What is Love?

What is love?

Quite naturally, people search for love. In 2012, What is love? was the most searched-for phrase on Rembrandt_Harmensz._van_Rijn_-_The_Return_of_the_Prodigal_Son_-_Detail_Father_SonGoogle. People define love in different ways: an emotion, action, state of mind, or a combination of these. Though some define it as nothing more than our biochemistry at work, most say love is much more than that, yet they struggle to find an adequate definition. Only God can accurately define what love is. Thankfully he has done so through the apostle John, who wrote, “God is love” (1 John 4:8). It’s important to note here that John is not saying “love is God”—we don’t worship love and we don’t define what love is then apply those definitions to God. In writing that God is love, John is indicating that God’s nature and character—his very being—is loving. All God does is loving, and his will is loving. God’s agape love—his holy love—is what true love is all about. In knowing that, false views of love are exposed and ruled out.

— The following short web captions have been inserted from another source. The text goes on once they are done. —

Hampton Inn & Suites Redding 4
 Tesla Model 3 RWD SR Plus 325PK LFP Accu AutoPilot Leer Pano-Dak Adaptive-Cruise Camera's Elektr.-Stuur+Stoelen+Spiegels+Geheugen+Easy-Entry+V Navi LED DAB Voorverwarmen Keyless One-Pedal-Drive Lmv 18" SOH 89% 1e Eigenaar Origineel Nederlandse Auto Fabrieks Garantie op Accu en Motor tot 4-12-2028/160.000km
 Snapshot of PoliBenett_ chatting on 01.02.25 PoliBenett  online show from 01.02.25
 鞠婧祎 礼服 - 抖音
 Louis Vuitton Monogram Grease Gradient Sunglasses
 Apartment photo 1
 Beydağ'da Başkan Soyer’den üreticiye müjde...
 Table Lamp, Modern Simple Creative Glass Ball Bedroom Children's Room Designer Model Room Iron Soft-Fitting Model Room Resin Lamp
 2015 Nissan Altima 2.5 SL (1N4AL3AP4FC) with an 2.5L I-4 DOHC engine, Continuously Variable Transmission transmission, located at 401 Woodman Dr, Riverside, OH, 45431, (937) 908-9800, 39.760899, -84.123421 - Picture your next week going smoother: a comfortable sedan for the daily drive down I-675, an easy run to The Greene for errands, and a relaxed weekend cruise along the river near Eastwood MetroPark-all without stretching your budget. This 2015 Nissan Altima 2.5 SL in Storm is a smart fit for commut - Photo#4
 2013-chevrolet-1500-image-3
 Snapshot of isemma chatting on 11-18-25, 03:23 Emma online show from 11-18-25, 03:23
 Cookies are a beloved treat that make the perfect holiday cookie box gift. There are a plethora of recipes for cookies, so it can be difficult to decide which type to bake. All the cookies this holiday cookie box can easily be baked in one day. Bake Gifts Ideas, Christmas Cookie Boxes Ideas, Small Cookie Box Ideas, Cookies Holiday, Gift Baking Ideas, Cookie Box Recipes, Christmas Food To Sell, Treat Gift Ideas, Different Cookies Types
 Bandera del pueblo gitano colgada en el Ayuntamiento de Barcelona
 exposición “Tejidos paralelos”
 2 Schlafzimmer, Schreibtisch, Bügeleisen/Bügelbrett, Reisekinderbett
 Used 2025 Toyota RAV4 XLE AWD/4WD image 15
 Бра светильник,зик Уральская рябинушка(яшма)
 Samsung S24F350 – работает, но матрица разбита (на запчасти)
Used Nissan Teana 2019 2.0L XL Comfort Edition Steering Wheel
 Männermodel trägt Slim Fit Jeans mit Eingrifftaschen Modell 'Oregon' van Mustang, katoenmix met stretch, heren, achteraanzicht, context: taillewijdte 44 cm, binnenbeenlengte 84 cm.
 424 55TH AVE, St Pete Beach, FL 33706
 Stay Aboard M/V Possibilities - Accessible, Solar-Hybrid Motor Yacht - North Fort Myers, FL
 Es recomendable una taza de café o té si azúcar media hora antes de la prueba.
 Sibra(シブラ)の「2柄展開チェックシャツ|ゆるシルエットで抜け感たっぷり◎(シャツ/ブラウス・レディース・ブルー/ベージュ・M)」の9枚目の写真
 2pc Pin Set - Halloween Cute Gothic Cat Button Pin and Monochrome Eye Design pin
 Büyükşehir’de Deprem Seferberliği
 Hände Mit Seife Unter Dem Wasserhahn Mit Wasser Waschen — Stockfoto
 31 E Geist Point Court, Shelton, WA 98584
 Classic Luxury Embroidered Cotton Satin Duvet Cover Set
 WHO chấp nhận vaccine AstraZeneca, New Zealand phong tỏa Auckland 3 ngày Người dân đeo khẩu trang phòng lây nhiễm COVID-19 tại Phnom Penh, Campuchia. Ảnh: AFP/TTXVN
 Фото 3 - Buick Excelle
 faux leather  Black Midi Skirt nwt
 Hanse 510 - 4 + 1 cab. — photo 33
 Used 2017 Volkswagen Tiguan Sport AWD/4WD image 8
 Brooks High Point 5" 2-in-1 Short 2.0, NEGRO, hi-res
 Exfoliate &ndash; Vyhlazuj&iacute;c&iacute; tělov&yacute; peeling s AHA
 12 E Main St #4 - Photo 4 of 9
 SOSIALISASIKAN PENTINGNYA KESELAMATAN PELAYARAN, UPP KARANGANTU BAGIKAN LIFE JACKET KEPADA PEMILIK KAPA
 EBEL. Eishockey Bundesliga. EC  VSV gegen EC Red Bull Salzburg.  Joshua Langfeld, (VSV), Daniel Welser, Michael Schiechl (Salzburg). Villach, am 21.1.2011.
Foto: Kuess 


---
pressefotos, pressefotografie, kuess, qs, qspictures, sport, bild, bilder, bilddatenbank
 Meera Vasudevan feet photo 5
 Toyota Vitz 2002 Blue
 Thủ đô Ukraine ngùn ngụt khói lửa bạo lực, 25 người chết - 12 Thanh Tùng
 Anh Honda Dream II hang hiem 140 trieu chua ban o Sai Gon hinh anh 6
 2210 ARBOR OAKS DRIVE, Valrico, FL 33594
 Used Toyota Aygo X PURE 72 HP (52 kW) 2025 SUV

There is a strong note of truth in the song, Looking for Love in All the Wrong Places. People look for love in family, friends and in romantic relationships, but as important as these relationship are, true love (holy, agape love) is found only when a person knows its true source—our triune God. God, who is love, created us for loving relationships, including the male-female relationship that is unique to marriage. Sadly, the deeper nature of God’s agape love often is forgotten when people, searching for romantic relationships, turn love into a search for merely satisfying their erotic desires. But when we ground our thinking on the sure foundation that love is the revelation of God, everything else we think about love, and the way we go about seeking after it, will align with reality and lead to our true fulfilment.

Who is God?

Much in our secular western society reflects the sad reality that, as a people, we have not retained God in our thinking. As a result, many struggle with the question, “Who is God?” As noted above, we know that God is love as a triune communion of holy, agape love—Father, Son and Spirit. Were he not triune, God would need creation or something other than himself in order to be love, because authentic love does not exist in isolation. The stunning truth is that God, who exists eternally in a tri-personal, loving relationship, has called us to share in both his love and life through his Son Jesus, by his Spirit. In that relationship, because we understand that God is love, we trust him to be loving—we trust his plan to bring us into relationship with himself and thus to fulfill his purpose for creating us. We also trust him to be faithful, and we trust the fact that even though we don’t understand everything he does (or allows) we know that his purposes are always good, flowing from who he is and expressing his love for us.

God’s revelation

We see that God is love most clearly, powerfully and directly in the incarnation, life and self-giving of the whole God through the Son of God on the cross. Jesus is God’s love in flesh and blood, in time and space, in Person. To know God that way is far more than “head knowledge”—it’s about a relationship with God, through Jesus, by the Spirit. In and through that relationship we experience God’s love “up close and personal”—much like we do in a truly loving friendship with another human. As C.S. Lewis wrote in Mere Christianity,“ God cannot give us a happiness and peace apart from himself, because it is not there. There is no such thing.” Because he loves us, God has given us himself.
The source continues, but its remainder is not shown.